Next Big Book wins Book Expo Challenge – but should it have?
June 1, 2014 | 12:00 pm
Publishing technology company Next Big Book has won the first-ever Book Expo Challenge at Book Expo America 2014, netting a $10,000 prize and the chance to present to venture capitalists and publishing execs. Next Big Books “analyzes social, sales, and marketing signals to help you make smarter, braver decisions.” Next Big Book aims to help out the publishing industry thus:
Digital publishing and social media have added exponentially to the intricacy of an industry already complicated by tens of thousands of authors and millions of titles spanning dozens of genres and formats. Our monitoring and analysis tools will help you make sense of it all while saving time, providing invaluable insights that will give you the edge in your rapidly-changing industry.

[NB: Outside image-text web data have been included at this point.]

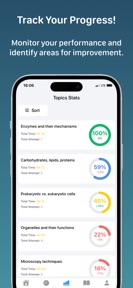 A-Level Biology screenshot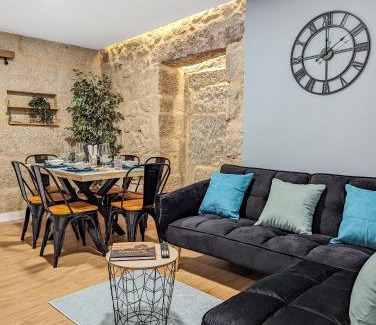 Pontevedra Old Town Apartment | Pedra Nova - Céntrico, Lujoso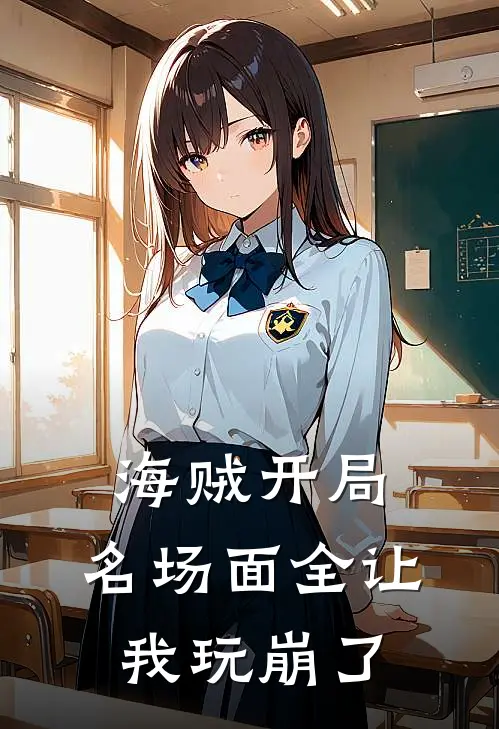 海贼开局：名场面全让我玩崩了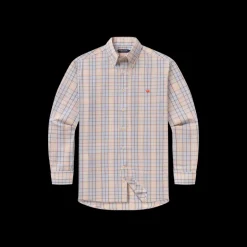 Sutton Plaid Dress Shirt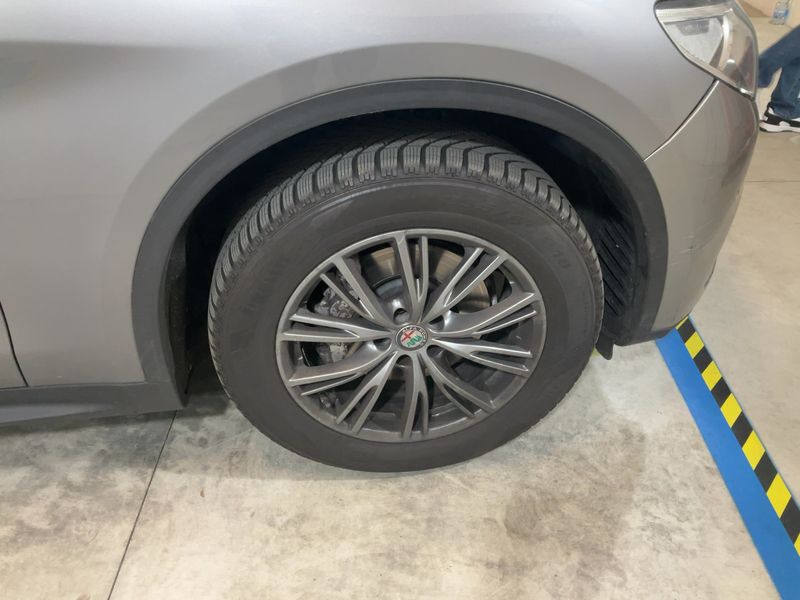 Alfa Romeo Stelvio 2.2 JTDM Executive Q4 2017 – снимка 11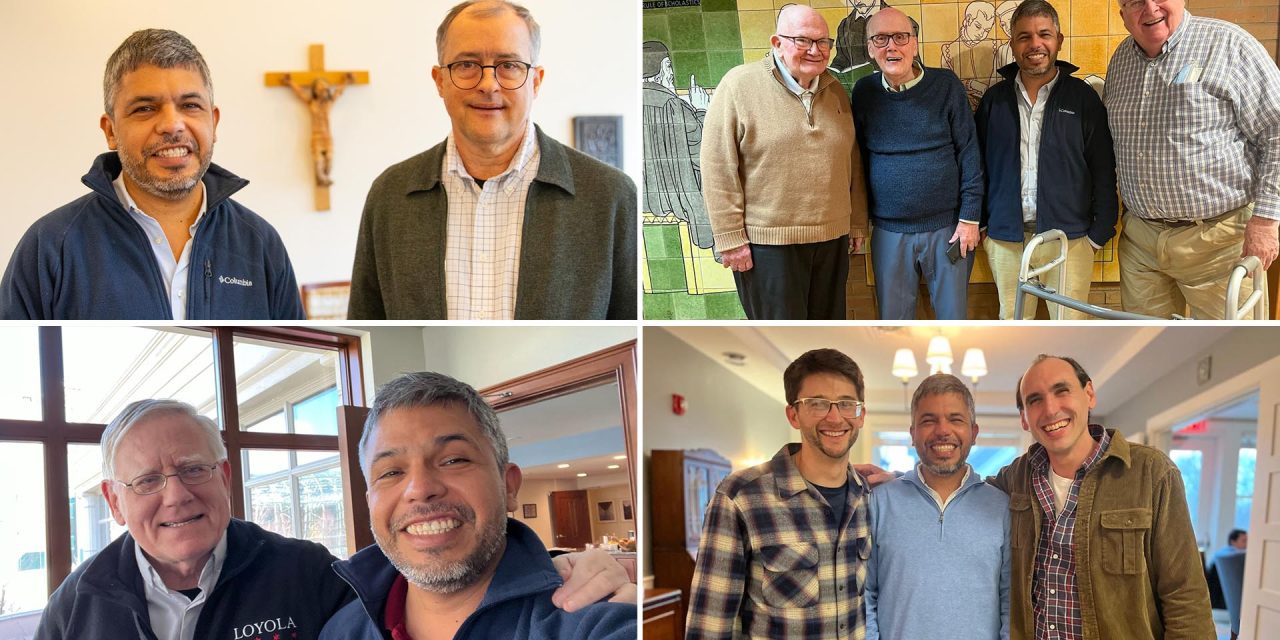 Superior Provincial visitó la Provincia de UMI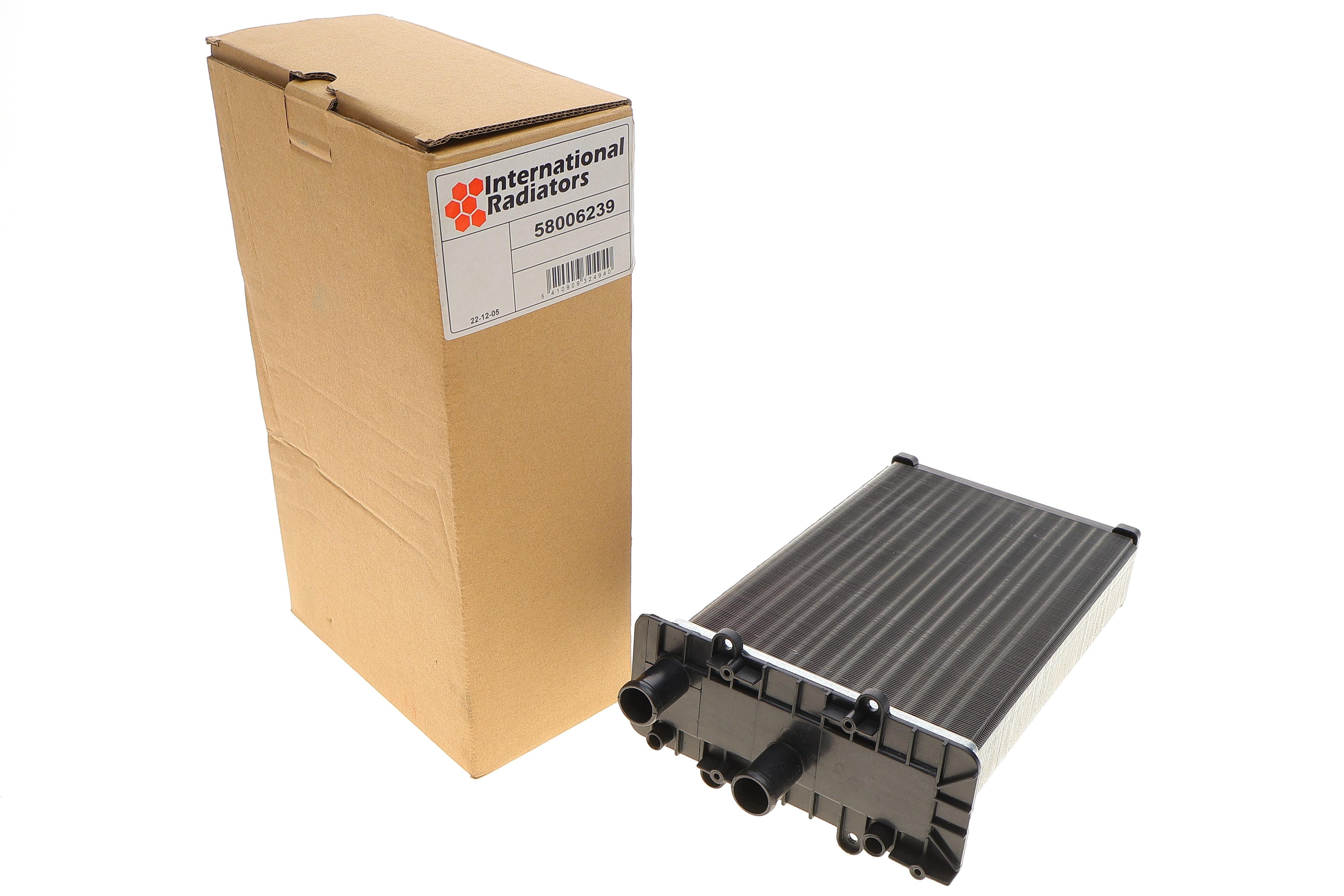 Радіатор пічки VW T4 1.8-2.8 90-03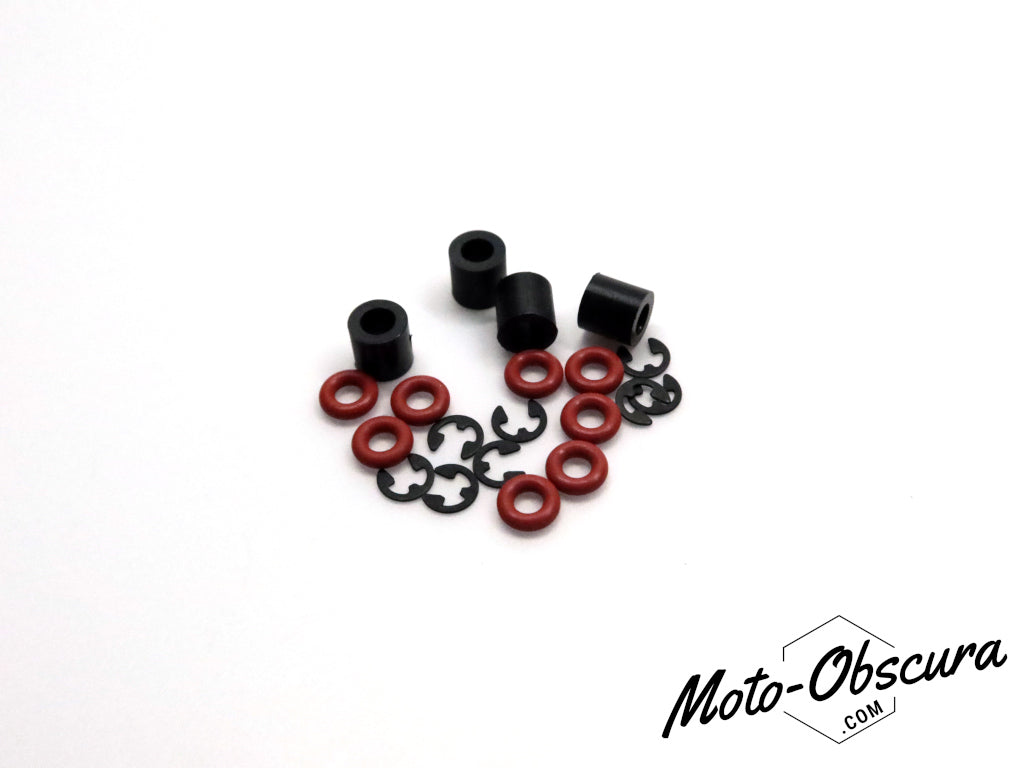 Shock Absorber Rebuild Kit Losi Moto Obscura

I have one issue with this award though. The Eligibility line on the Challenge website states one criterion only: “Early stage startups in the publishing space.” Now, Next Big Book came to the party with a partnership with Macmillan already in its back pocket, based, according to a writeup in Forbes, on a relationship dating back some five years.
As Forbes‘ Zack O’Malley Greenburg describes it, Next Big Book is based on an existing ”well-funded startup” Next Big Sound, backed by the music industry. Its founders registered the Next Big Book domain name five years ago, aware that the publishing industry might also catch on. And the close cooperation with Macmillan dates back almost a year, after a former Sony exec involved in the early stages of Next Big Book jumped ship to the publisher. Hardly the image of a brave and brilliant New New Thing struggling to emerge from some staggeringly gifted geek’s garage. Music companies have apparently been flocking to Neilt Big Sound. It shouldn’t need much nous to deduce that Next Big Book might take off too.
Oh, and what does all this monitoring and analysis remind you of? Amazon’s sales parsing and recommendation engines, perhaps? Yes, once again, Big Publishing looks desperate to throw money at anyone it thinks can help win back ground it lost to Amazon. Good luck with that one, guys.